Notwithstanding anything herein or implied by law to the contrary, the
agreements of each Credit Party set forth in Sections 2.15(c), 2.16, 2.17, 10.2,
10.3 and 10.4 and the agreements of Lenders set forth in Sections 2.14, 9.3(b)
and 9.6 shall survive the payment of the Loans and the termination hereof.

     10.9 No Waiver; Remedies Cumulative.
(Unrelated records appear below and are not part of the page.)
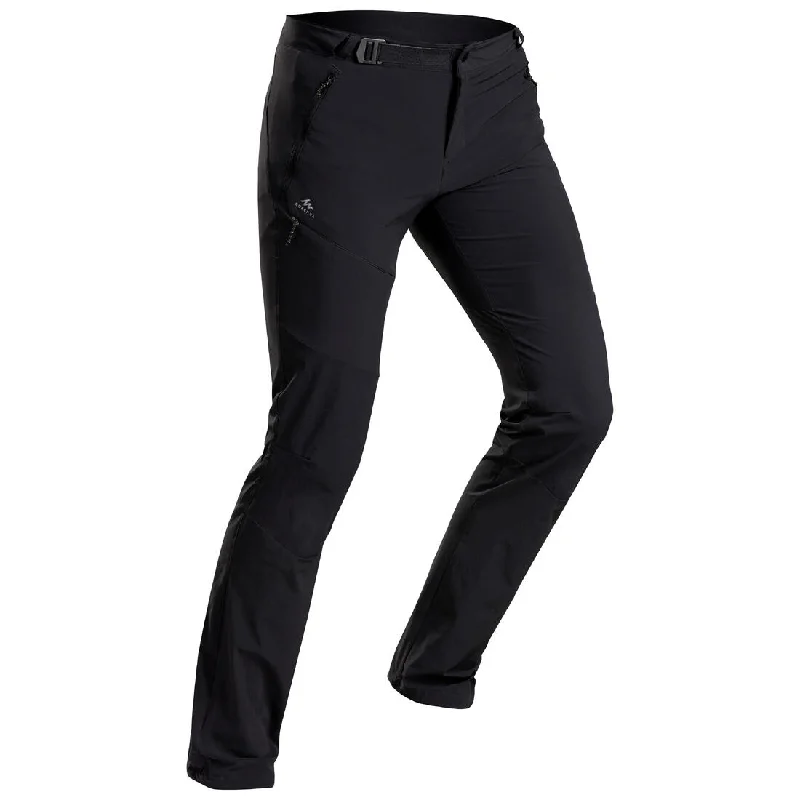 Clearance Sale MH500 Men’s Walking Trousers - Grey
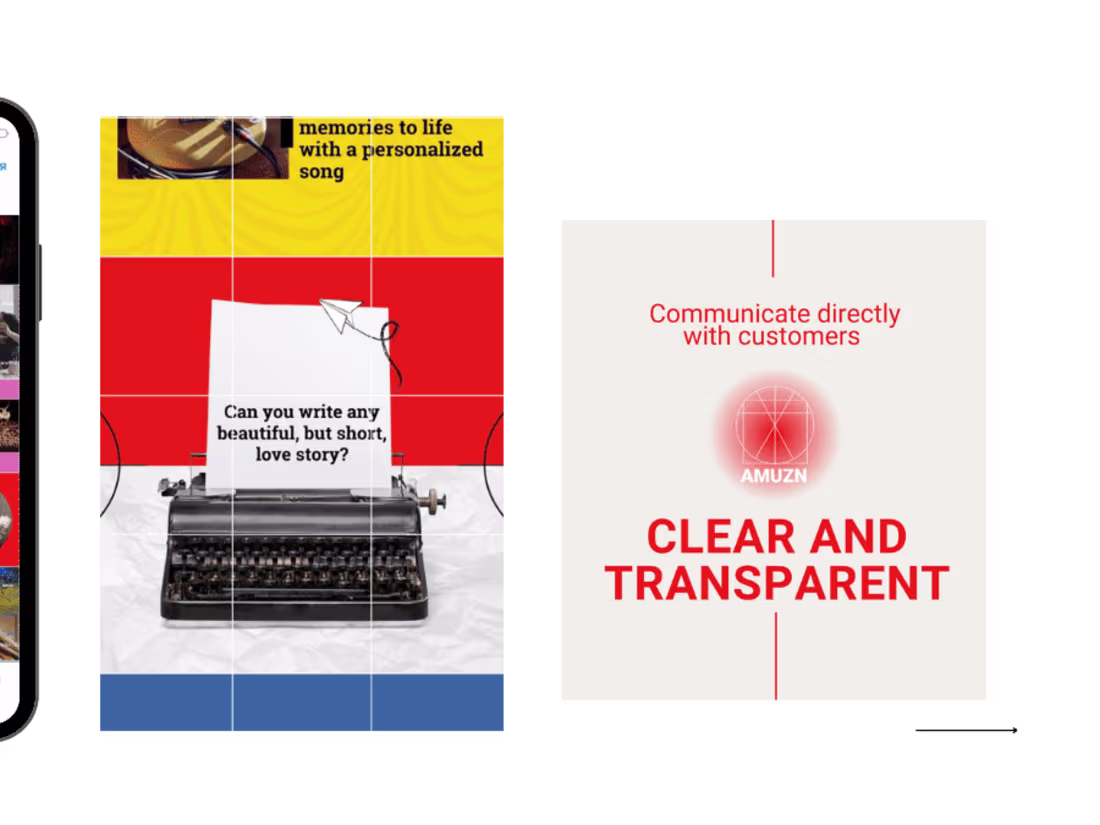 Cover image for Marketing Assistant (remote) 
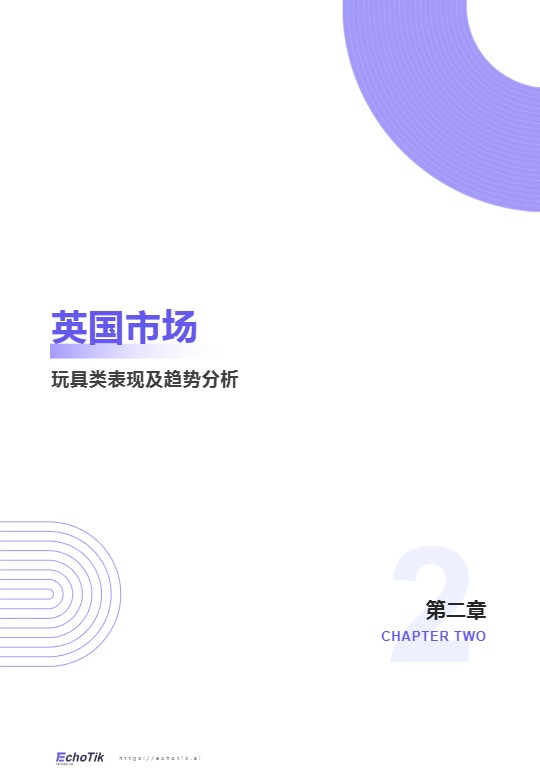 TikTok Shop 欧美玩具品类行业报告 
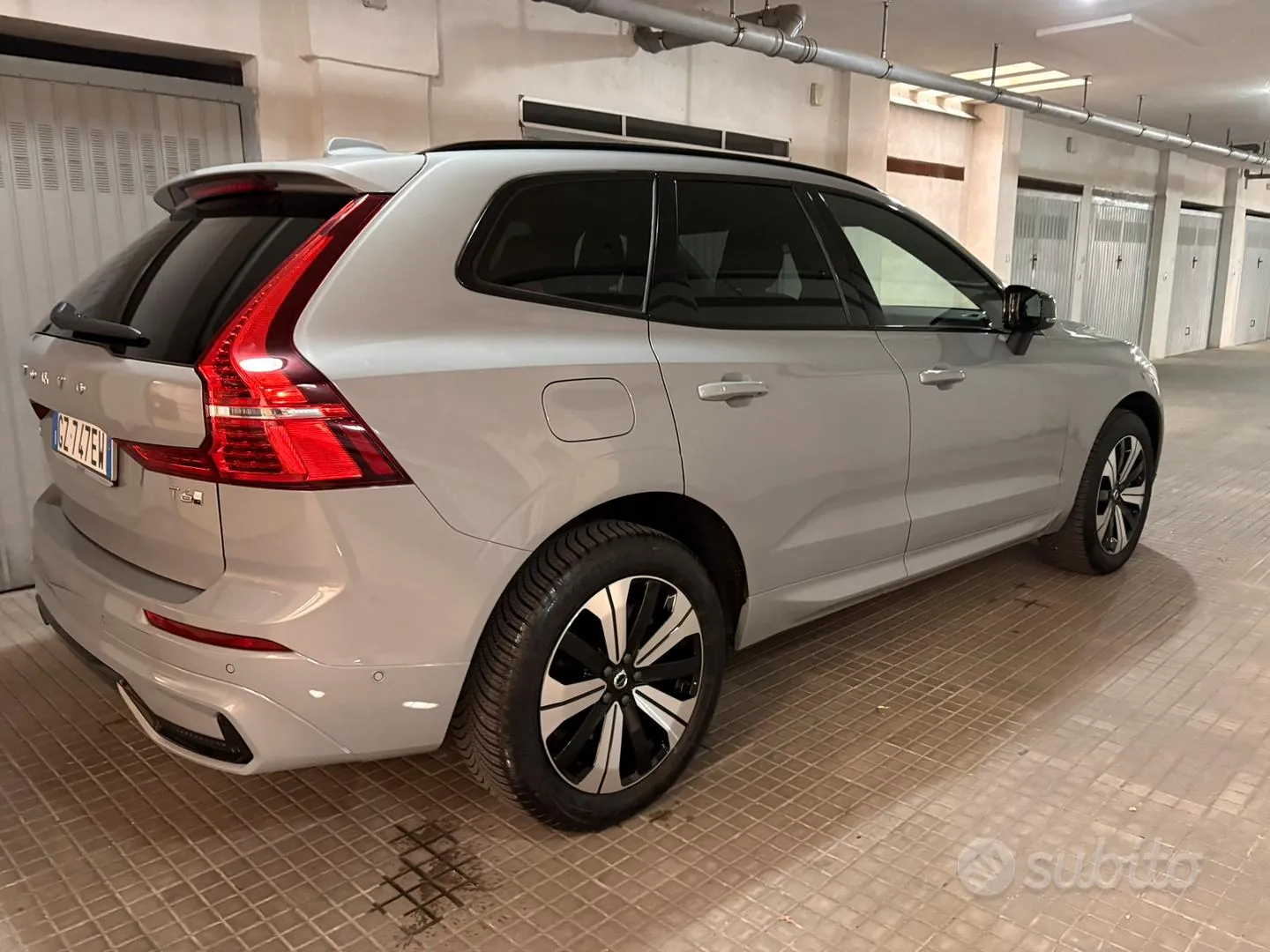Volvo Xc60 2025 photo 3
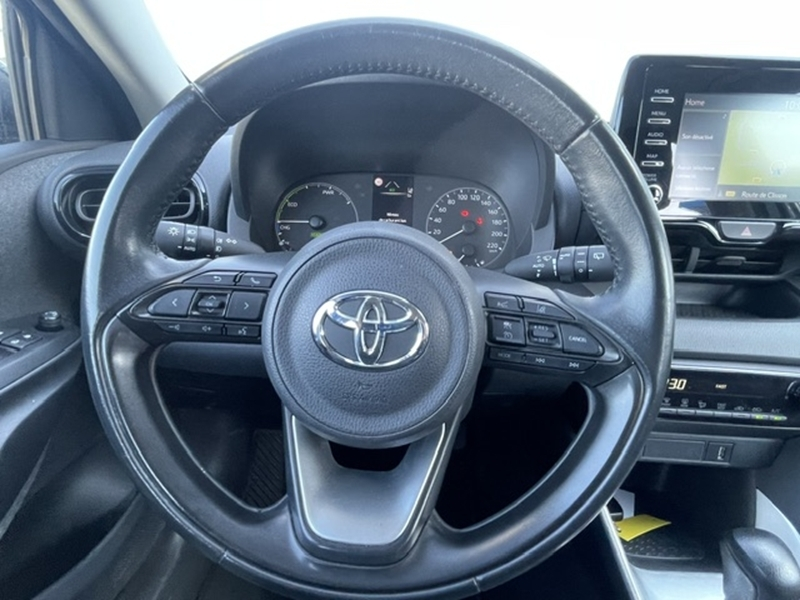 Photo 7 - Toyota Yaris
No failure or delay on the part of any
Agent or any Lender in the exercise of any power, right or privilege hereunder
or under any other Credit Document shall impair such power, right or privilege
or be construed to be a waiver of any default or acquiescence therein, nor shall
any single or partial exercise of any such power, right or privilege preclude
other or further exercise thereof or of any other power, right or privilege. The
rights, powers and remedies given to each Agent and each Lender hereby are
cumulative and shall be in addition to and independent of all rights, powers and
remedies existing by virtue of any statute or rule of law or in any of the other
Credit Documents or any of the Hedge Agreements. Any forbearance or failure to
exercise, and any delay in exercising, any right, power or remedy hereunder
shall not impair any such right, power or remedy or be construed to be a waiver
thereof, nor shall it preclude the further exercise of any such right, power or
remedy.

     10.10 Marshalling; Payments Set Aside. Neither any Agent nor any Lender
shall be under any obligation to marshal any assets in favor of any Credit Party
or any other Person or against or in payment of any or all of the Obligations.
To the extent that any Credit Party makes a payment or payments to
Administrative Agent or Lenders (or to Administrative Agent, on behalf of
Lenders), or Administrative Agent or Lenders enforce any security interests or
exercise their rights of setoff, and such payment or payments or the proceeds of
such enforcement or setoff or any part thereof are subsequently invalidated,
declared to be fraudulent or preferential, set aside and/or required to be
repaid to a trustee, receiver or any other party under any bankruptcy law, any
other state or federal law, common law or any equitable cause, then, to the
extent of


                                       72



such recovery, the obligation or part thereof originally intended to be
satisfied, and all Liens, rights and remedies therefor or related thereto, shall
be revived and continued in full force and effect as if such payment or payments
had not been made or such enforcement or setoff had not occurred.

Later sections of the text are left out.